# Finance using a crude Neural Network and NLTK by [eestra2](https://github.com/eestra2)

### An introductory walk-through of using code and machine learning modules for financial programming.

#### Note: 
#### Not geared towards the general audience. This walk-through assumes some basic Python knowledge, finance principles, and  general statistics.  Also this is toy data and modeling, far from perfect in every sense. The goal is to get people with finance/economics background, with amateur coding abilities, get their hands wet with python programming. The aim is to understand what is going on with the coding part (where most business majors lack in) line by line in order to show where everything is coming from and not seem like code is magic. This is not a foremost showcase of the optimal fine-tuned model predicting highly accurate stock prices. This is not the ideal starting point for someone who is starting to program for the first time. Think of this as a good place to step out of the basics of Python programming and start  something that is "beginner to mid-level transition". 

**WARNING:**

**Please do not use this content to invest! As aforementioned, this is for learning purposes ONLY!**

## Table of Contents

1. <a href="#3.-Natural-Language-Processing-&-Data-Prep">Natural Language Processing & Data Prep</a>
2. <a href="#2.-DJIA-Prediction-with-Machine-Learning-Perceptron">DJIA Prediction with Machine Learning Perceptron</a>
3. <a href="#3.-Results-and-Conclusion">Results and Conclusion</a>

# 1. Natural Language Processing & Data Prep

In this tutorial I will be using a Neural Network model to predict Dow Jones Index. Besides historical prices, I also want to include sentimental analysis features that can contribute to the way a stock price might move. For example, if there is negative news about a company not meeting its expected earnings, stock price for that company will certainly dip. On the other hand, if good news is reported to the public about a company surpassing expected earnings, the price of that company will most likely increase as investors scramble to bid for more shares of that company. Market sentiment plays a huge role in the short-term in equity markets, dictating the way prices move. Thus, I find it crucial to attempt to map media sentiment to stock price movement; however, I will be using the Dow Jones Industrial Average as a proxy to how the stock market moves in response to news. Dow Jones is a price-weighted index that contains 30 largest American companies that approximates the American economy. One quick take away of the Dow is that it is price-weighted. Companies in the Dow index with the highest stock prices will influence the overall index more so than others with lower stock prices. Dow Jones is the oldest and most quoted index in the world.  

In [2]:
# Here we have the imported modules to support us in doing the heavy lifting in coding.
# If these modules are not downloaded, use "pip install module" on your python terminal
# If using Anaconda distribution, you can either use the GUI navigator or use the conda  terminal and use "conda install module"
import numpy as np
import pandas as pd
import unicodedata
from nltk.sentiment.vader import SentimentIntensityAnalyzer

# To concentrate on the modeling process rather than spending too much time on data aquisition through APIs, that tend to be a hassle at times, 
# I have included a pickle file that contains the clean data of the Dow Jones Industrial Average index and news articles for the sentiment analysis part. 
# File  contains instances of prices and articles on a daily basis, from 2007-01-01 to 2016-12-31 (A span of 10 years of data)
df_dow = pd.read_pickle('cleaned_data.pkl')

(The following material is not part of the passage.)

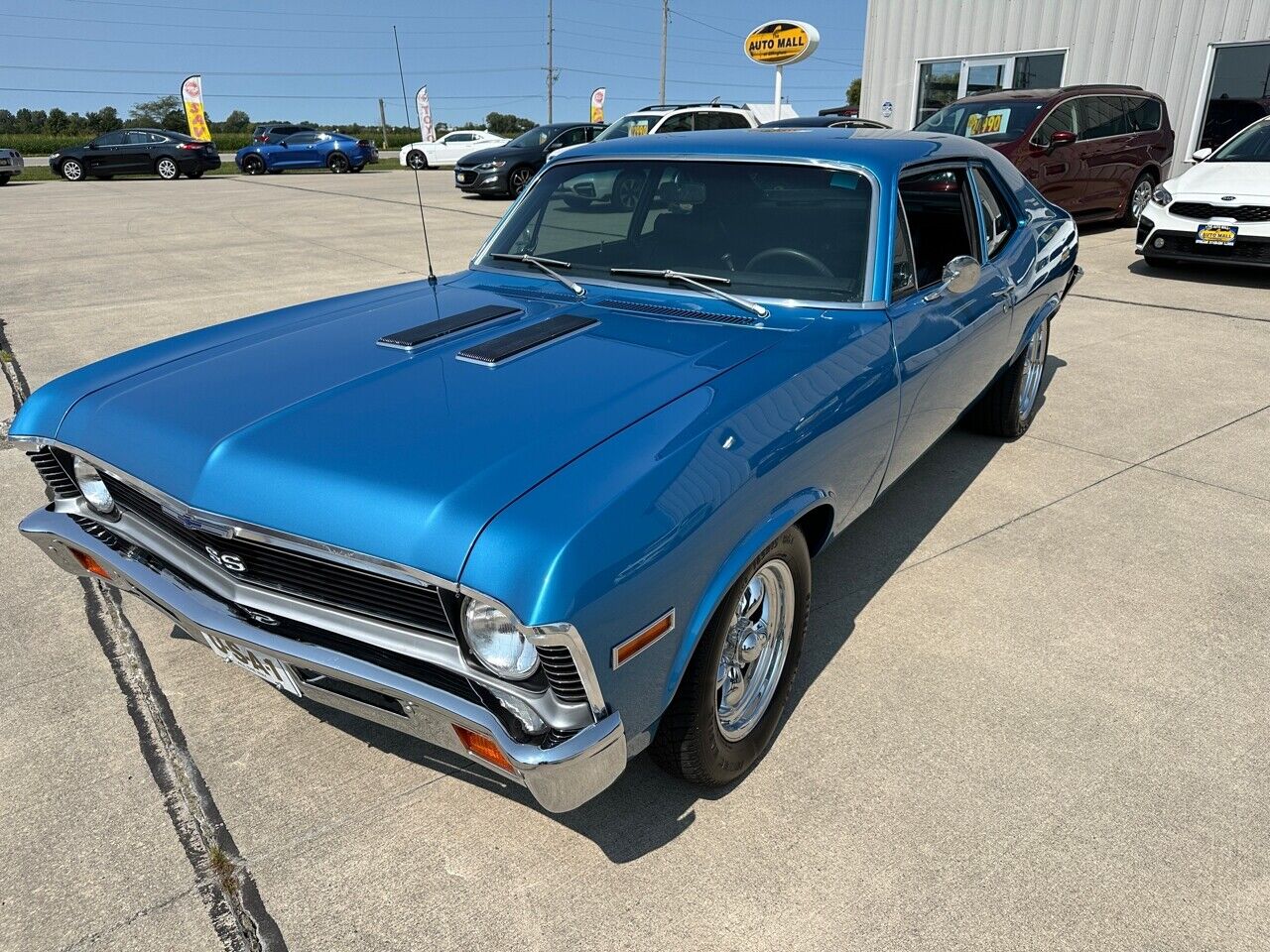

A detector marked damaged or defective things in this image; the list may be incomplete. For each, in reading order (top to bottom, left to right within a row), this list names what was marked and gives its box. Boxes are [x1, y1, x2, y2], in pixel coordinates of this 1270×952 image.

asphalt crack [3, 329, 286, 952]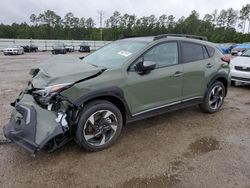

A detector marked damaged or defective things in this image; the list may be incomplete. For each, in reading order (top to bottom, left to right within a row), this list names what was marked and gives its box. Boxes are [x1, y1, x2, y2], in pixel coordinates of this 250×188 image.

# Extracts the "adj close" column and convert the values into integers while assigning it to a new column
# Extract the two columns and assign to df_dow to overwrite previous information so to have only prices and articles
df_dow['prices'] = df_dow['adj close'].apply(np.int64)
df_dow = df_dow[['prices', 'articles']]

# Article text come with unwanted characters so we strip them one by one. Then create a new dataframe where we place "prices" 
df_dow['articles'] = df_dow['articles'].map(lambda x: x.lstrip('.-'))
df = df_dow[['prices']].copy()

# Creating labeled empty columns where values computed by the sentiment analyzer will be placed
df["compound"] = ''
df["neg"] = ''
df["neu"] = ''
df["pos"] = ''

#invoke the sentiment analyzer so that it can be used to compute values to text
sia = SentimentIntensityAnalyzer()


# We iterate through each date for news articles > text gets normalized > sia.polarity scores them > set scores to corresponding column and date (row) 
for date, row in df_dow.T.iteritems():
    try:
        sentence = unicodedata.normalize('NFKD', df_dow.loc[date, 'articles'])
        ss = sia.polarity_scores(sentence)
        df.at[date, 'compound'] = ss['compound']
        df.at[date, 'neg'] = ss['neg']
        df.at[date, 'neu'] = ss['neu']
        df.at[date, 'pos'] = ss['pos']
    except TypeError:
        print(df_dow.loc[date, 'articles'])
        print(date)

In [3]:
df.head()

Unnamed: 0,prices,compound,neg,neu,pos
2007-01-01,12469,-0.9735,0.153,0.748,0.099
2007-01-02,12472,-0.9702,0.122,0.786,0.092
2007-01-03,12474,-0.9994,0.203,0.736,0.06
2007-01-04,12480,-0.9982,0.131,0.806,0.062
2007-01-05,12398,-0.9901,0.124,0.794,0.082


[<a href="#Finance-using-Neural-Network-and-NLTK-by-eestra2">Back to top</a>]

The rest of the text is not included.